Mark Needham

Thoughts on Software Development

Archive for the ‘Book Club’ Category

Book Club: Why noone uses functional languages (Philip Wadler)

with 3 comments

Our latest technical book club discussion was based around Philip Wadler’s paper ‘Why noone uses functional langauges‘ which he wrote in 1998. I came across this paper when reading some of the F# goals in the FAQs on the Microsoft website.

These are some of my thoughts and our discussion of the paper:

  • One of the points suggested in the paper is that functional languages aren’t used because of their lack of availability on machines but as Dave pointed out this doesn’t really seem to be such a big problem these days – certainly for F# I’ve found it relatively painless to get it setup and running and even for a language like Ruby people are happy to download and install it on their machines and it is also pretty much painless to do so.
  • Erik pointed us to an interesting article which suggests that functional programming can be very awkward for solving certain problems – I think this is definitely true to an extent although perhaps not as much as we might think. I am certainly seeing some benefit in an overall OO approach with some functional concepts mixed in which seems to strike a nice balance between code which is descriptive yet concise in places. I’m finding the problems that F# is useful for tend to be very data intensive in nature.
  • Matt Dunn pointed out that an e-commerce store written by Paul Graham, which he later sold to Yahoo, was actually written in Lisp – to me this would seem like the type of problem that wouldn’t be that well suited for a functional language but interestingly only part of the system was written in Lisp and the other part in C.

    Viaweb at first had two parts: the editor, written in Lisp, which people used to build their sites, and the ordering system, written in C, which handled orders.
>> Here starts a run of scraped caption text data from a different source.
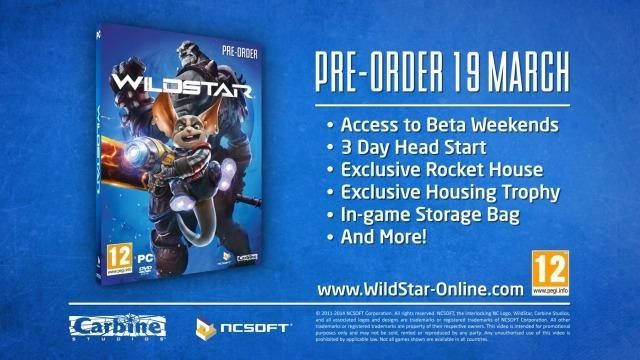 Pre-ordery wystartują 19 marca, a pełna wersja ukaże się na początku czerwca tego roku - WildStar, debiutanckie MMO studia Carbine, ukaże się 3 czerwca 2014 roku - wiadomość - 2014-03-12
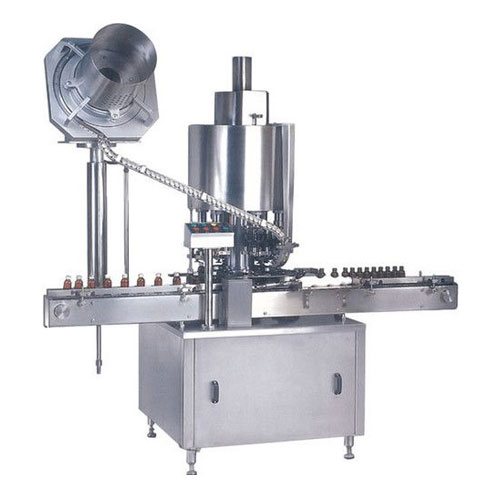 Automatic Bottle Filling and Capping Machine in India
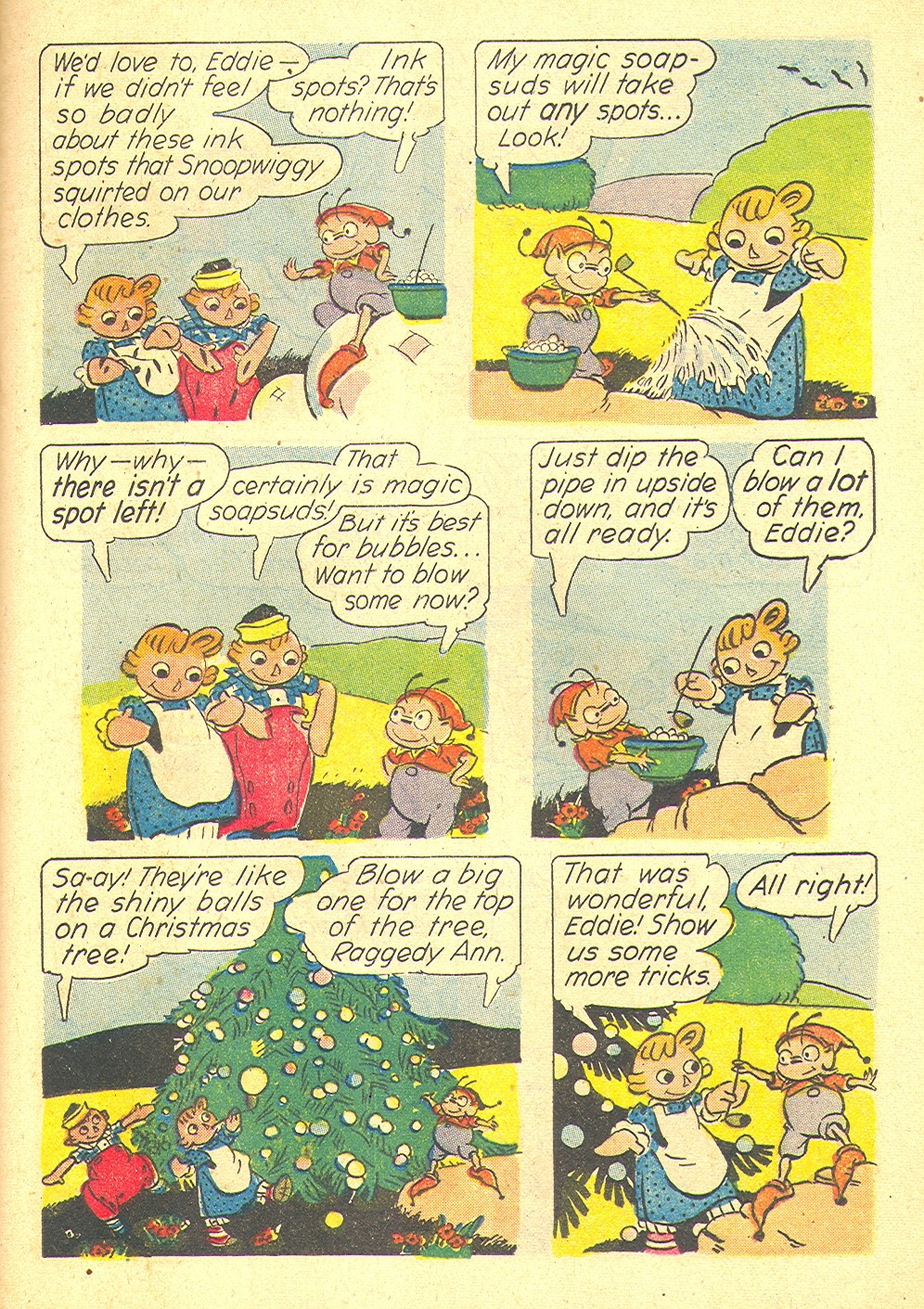 Read online Four Color Comics comic -  Issue #452 - 25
The first version was mostly Lisp, because the ordering system was small. Later we added two more modules, an image generator written in C, and a back-office manager written mostly in Perl.

  • The article also suggests that it takes a while for Java programmers to come to grips with functional programs – I would agree with this statement to an extent although one of the things I found really hard when first reading functional programs is the non descriptiveness of the variable names. It seems to be more idiomatic to make use of single letter variable names instead of something more descriptive which I would use in an imperative language.
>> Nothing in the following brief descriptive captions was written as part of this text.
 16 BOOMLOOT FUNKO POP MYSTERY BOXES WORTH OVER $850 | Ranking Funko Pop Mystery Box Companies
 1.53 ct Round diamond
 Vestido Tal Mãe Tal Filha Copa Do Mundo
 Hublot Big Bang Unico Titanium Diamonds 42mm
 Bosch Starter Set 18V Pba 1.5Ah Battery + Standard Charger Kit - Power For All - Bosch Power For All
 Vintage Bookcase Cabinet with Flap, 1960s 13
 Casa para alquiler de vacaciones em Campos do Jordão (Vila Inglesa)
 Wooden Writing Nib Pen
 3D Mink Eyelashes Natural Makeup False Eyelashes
    I’m intrigued as to whether this will change as more people use functional languages or whether this is just something we will need to get used to.

  • The author makes a very valid point with regards to the risk that a project manager would be taking if they decided to use a functional language for a project:

    If a manager chooses to use a functional language for a project and the project fails, then he or she will certainly be fired. If a manager chooses C++ and the project fails, then he or she has the defense that the same thing has happened to everyone else.

    I’m sure I remember a similar thing being said about the reluctance to make use of Ruby a couple of years ago – it’s something of a risk and human nature is often geared towards avoiding those!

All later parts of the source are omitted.